The activist investor called for BHP to shift its US petroleum assets into an entity to be listed on the New York Stock Exchange and commit to returning excess cash to shareholders.
The Citi analysts described BHP’s US petroleum assets as ‘non-core’ with RBC agreeing the merits of BHP retaining its US petroleum sector assets as ‘uncertain’.
“We value the US petroleum business at $US13.5b ($18b) vs. Elliott’s $US22b valuation (although we do agree with the sentiment around the cumbersome nature of both the DLC and the uncertain benefits from petroleum diversification, especially regarding the mismatched pro-cyclical capital spend of the shale business)???,” RBC’s Hissey told clients.
In outlining its proposal, Elliott argued BHP has underperformed comparable mineral and petroleum companies and its plan could provide shareholders with an increase in value of up to 48.6 per cent for holders of Australian shares and 51 per cent for holders of UK shares.
BHP disagreed, however.
“There is no obvious discount in BHP Billiton’s trading multiples relative to the weighted average of relevant mining and oil and gas peers,” it said.
The miner also said it regularly reassessed how to create value and reviewed company structure. It had spoken with Elliott over many months and would consider a more detailed response, it added. It dismissed Elliott’s plan for buying back shares as “a formulaic approach without regard for the cyclical nature of the resources industry or the returns available from other uses of cash”.
Commodity prices crashed in 2015 and early 2016, but have since recovered strongly, helping to drive gains across the mining sector. Mixed views
Started in 1977, Elliott manages assets worth more than $US32.7 billion, according to the company.
It says it holds a “long economic interest” of about 4.1 per cent of the issued shares in London-listed BHP, without specifying the instruments used to build the stake. It also says it has rights with its affiliates to acquire up to 0.4 per cent of the issued shares in ASX -listed BHP.
Other big shareholders were cautious about Elliott’s plan.
“(The) principle is OK. Detail and resultant uplift to shareholders might be more complex/less obvious,” Aberdeen Asset Management’s Head of Equities Hugh Young said in emailed comments.
Aberdeen is the second-biggest investor in BHP’s London-listed shares, with a 4.9 per cent stake worth $US1.3 billion.
Representing another big shareholder, Standard Life Investments Director Frances Hudson said it was not clear the plan was “in the interest of long-term investors or the company”.
Over the past two years, BHP has underperformed relative to fellow miners Rio Tinto , Glencore and Anglo American. But over 15 years, it is ahead of them.

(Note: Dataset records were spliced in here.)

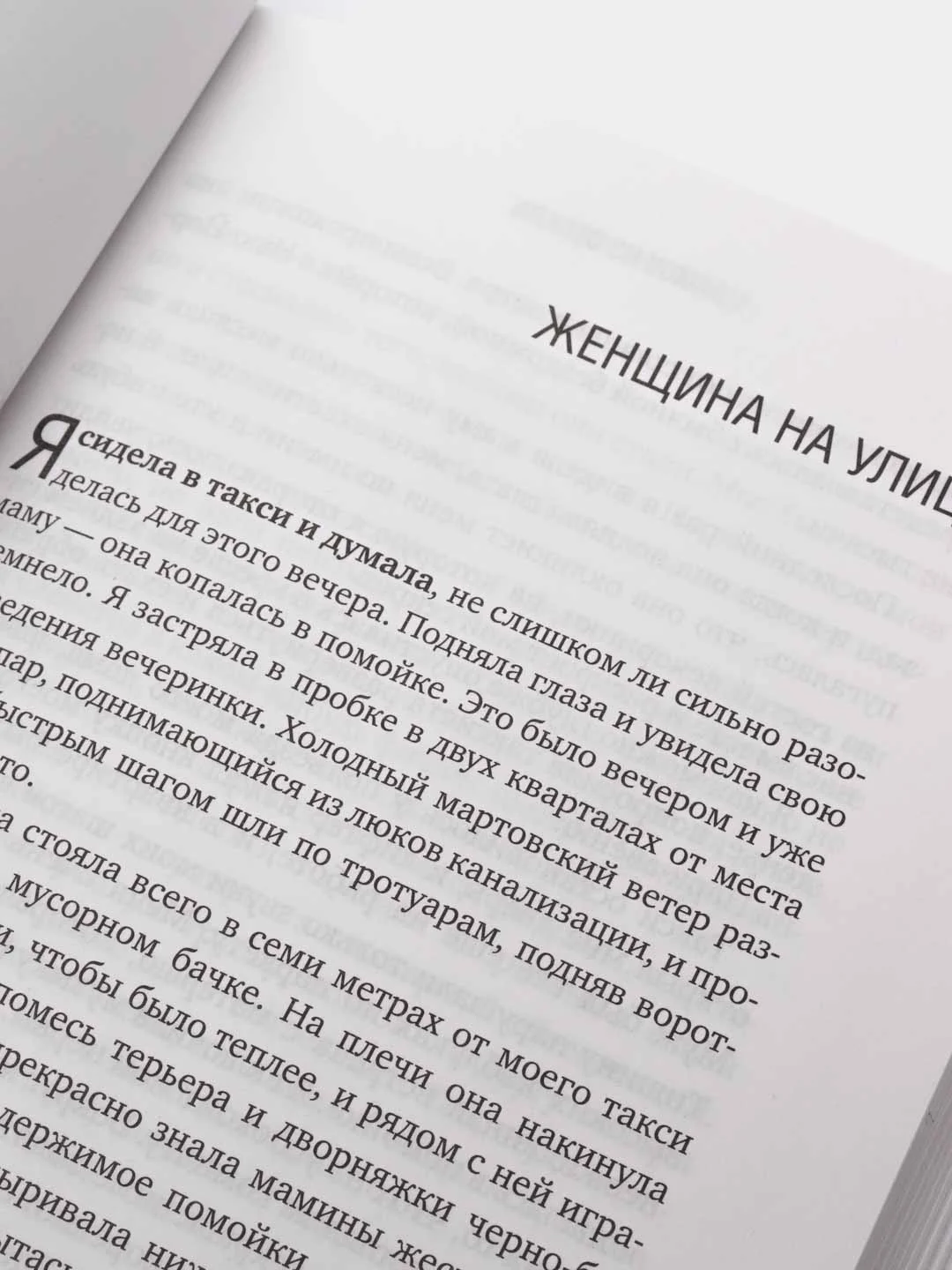 Замок из стекла. Что скрывает прошлое, Уоллс Джаннетт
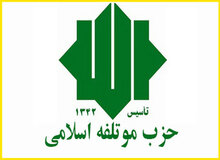بیانیه حزب موتلفه اسلامی بمناسبت ایام‌الله دهه فجر و دعوت به حضور در راهپیمایی ۲۲ بهمن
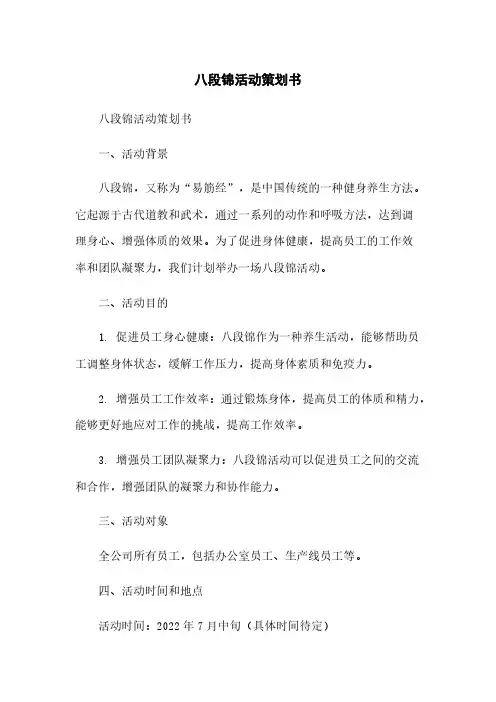 八段锦活动策划书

Since it was set up in 2001, BHP said it had returned approximately $US23 billion to shareholders in buybacks and about $US45 billion in cash dividends.
It said it had also taken many steps to increase shareholder value, cut the number of assets in its portfolio by $US7 billion since 2013 and cutting unit costs by more than 40 per cent .
“We have laid the foundations for the group to substantially grow the base value of its operations,” BHP said in its statement. “Elliott’s proposal would put this at risk.”